B. Potongan Tubuh Manusia
Jumhur ulama umumnya mengatakan bahwa bagian tubuh manusia yang terlepas dari tubuhnya hukumnya bukan najis. Seperti orang yang mengalami amputasi, maka potongan tubuhnya bukan benda najis. Baik potongan tubuh itu terpisah pada saat masih hidup atau pun pada saat sudah meninggal dunia.[3]
Sehingga pendapat yang mengatakan bahwa plasenta manusia itu najis, sesungguhnya bisa dikritisi. Mengingat bahwa plasenta itu bagian dari tubuh bayi sejak masih baru terbentuk menjadi janin. Dan ketika bayi itu lahir ke dunia, plasentanya pun ikut keluar juga.

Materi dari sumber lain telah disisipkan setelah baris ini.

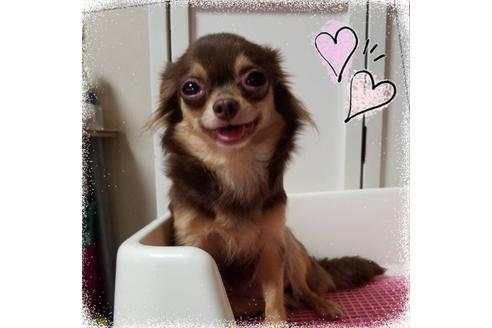販売中のチワワ(ロングコート)の親犬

Maka hukum plasenta bukan benda najis, sehingga kalau ada obat-obatan tertentu yang terbuat dari bahan plasenta manusia, hukumnya tidak najis.
Alasan tidak najisnya potongan tubuh manusia itu tidak najis karena dalam pandangan jumhur ulama, potongan tubuh manusia itu tetap dishalatkan. Dan kalau hukumnya harus dishalatkan, berarti dianggap bukan benda najis.
Namun pendapat yang berbeda kita temukan dalam pandangan Al Qadhi dari Al Hanabilah yang mengatakan bahwa potongan tubuh manusia itu tidak perlu dishalatkan. Karena potongan tubuh itu dianggap najis dalam pandangannya.[4]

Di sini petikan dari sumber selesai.